Consonant Phonemes[11]
Biliabial Labial-dental Alveolar Palato-alveolar Palatal Velar Glottal
Plosive p b t d k g ʔ
Fricative f v s z ʃ h hʲ
Affricate t͡ʃ d͡ʒ
Nasal m n ɲ ŋ
Flapped ɾ
Lateral l
Approximants w j

Phonemes to the left of a cell are voiceless while phonemes to the right are voiced with the exception of the glottal fricatives which are both voiceless.

The information from the chart above was collected from the most recent research done on the consonants of Koro. However, there are a few discrepancies of information between recent research and past research.

In Geissler’s work (2013), the articulation of /ʋ/ exists and can sound similar to /v/ or /w/ depending on the speaker. There is a possibility that the articulation of /ʔ/ is not a phoneme in Koro. While a phoneme is the smallest unit of sound that can distinguish one word from another, data suggests that /ʔ/ is instead used for other unidentified roles. For example, it can be used to separate vowels, such as [ma.leʔe.tɨŋ] which means ‘fast boy.’ In other examples, /ʔ/ disappears from phrases. The word ‘that’ in Koro is [baʔ], but strangely, the glottal stop disappears in the word [ba ŋɨn] which means ‘that house’.[12]

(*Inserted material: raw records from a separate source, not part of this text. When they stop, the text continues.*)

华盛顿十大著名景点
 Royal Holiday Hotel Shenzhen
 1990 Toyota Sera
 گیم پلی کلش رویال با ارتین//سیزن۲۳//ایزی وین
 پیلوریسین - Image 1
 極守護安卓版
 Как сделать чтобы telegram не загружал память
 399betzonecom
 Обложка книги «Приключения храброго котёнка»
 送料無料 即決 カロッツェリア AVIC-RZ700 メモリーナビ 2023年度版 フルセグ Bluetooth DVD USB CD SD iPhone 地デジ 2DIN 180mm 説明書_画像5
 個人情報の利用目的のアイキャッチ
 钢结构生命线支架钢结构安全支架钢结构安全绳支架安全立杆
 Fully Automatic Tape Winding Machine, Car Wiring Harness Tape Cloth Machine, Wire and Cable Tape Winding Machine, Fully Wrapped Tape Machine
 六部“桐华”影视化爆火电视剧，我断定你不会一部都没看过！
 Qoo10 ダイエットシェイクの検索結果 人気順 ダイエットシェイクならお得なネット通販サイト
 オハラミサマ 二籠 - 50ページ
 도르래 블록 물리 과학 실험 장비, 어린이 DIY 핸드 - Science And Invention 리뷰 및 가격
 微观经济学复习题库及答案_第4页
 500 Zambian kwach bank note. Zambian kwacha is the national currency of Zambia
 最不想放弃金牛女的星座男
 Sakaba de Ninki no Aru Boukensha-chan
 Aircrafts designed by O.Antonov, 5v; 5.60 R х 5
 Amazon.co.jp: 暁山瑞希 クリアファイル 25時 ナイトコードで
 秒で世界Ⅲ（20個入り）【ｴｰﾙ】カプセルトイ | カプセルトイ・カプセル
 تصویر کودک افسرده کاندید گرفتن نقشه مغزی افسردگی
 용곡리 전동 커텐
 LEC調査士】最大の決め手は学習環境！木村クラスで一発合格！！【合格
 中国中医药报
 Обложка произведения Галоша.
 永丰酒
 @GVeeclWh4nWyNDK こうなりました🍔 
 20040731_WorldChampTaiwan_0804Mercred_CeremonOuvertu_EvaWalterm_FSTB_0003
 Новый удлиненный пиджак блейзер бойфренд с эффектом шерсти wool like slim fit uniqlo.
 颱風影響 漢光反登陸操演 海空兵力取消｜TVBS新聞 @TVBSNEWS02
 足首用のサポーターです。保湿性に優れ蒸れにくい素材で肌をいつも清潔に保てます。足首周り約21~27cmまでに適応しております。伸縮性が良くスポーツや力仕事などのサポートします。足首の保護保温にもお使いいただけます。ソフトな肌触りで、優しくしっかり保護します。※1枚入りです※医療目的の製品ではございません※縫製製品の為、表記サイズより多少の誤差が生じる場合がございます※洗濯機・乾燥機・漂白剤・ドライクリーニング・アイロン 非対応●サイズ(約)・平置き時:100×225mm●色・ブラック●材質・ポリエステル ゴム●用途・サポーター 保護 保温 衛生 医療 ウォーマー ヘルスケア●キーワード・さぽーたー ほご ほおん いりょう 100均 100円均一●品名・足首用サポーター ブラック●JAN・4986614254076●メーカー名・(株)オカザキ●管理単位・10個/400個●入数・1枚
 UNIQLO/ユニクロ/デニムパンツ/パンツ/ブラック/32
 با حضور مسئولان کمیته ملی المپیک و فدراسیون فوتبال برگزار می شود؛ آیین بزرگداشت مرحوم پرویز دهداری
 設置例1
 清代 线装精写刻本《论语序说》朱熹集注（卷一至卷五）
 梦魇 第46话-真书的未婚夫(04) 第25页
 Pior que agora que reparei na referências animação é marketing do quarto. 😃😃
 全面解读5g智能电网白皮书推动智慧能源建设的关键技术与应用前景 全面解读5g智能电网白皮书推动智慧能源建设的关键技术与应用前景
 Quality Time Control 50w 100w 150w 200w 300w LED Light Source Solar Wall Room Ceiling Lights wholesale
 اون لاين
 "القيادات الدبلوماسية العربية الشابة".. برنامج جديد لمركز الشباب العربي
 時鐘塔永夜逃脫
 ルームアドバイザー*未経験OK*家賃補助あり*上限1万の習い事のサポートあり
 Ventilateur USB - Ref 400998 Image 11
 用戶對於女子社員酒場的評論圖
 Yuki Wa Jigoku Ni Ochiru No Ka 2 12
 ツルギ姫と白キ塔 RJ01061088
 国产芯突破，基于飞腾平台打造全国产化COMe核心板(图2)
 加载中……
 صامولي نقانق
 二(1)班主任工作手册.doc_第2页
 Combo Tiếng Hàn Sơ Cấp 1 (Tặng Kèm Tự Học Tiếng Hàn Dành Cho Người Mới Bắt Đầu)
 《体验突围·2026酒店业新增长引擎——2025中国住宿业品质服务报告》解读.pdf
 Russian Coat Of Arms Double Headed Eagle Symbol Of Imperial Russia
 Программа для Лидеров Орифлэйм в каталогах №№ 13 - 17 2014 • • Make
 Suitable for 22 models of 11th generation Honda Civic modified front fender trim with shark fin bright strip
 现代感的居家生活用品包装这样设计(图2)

In Anderson’s work (2010), there exists an aspirated ph or /ɸ/. It is possible that Anderson’s data may have been influenced by the differences in speech between natives or the Hindi language used by his informants. In addition, his research does not include words that have no vowels in between consonants, but Blench argues that there are words with no vowels, resulting from the influence of the Hruso language spoken nearby. For example, the word ‘woman’ is ‘msn’ in Koro.[13]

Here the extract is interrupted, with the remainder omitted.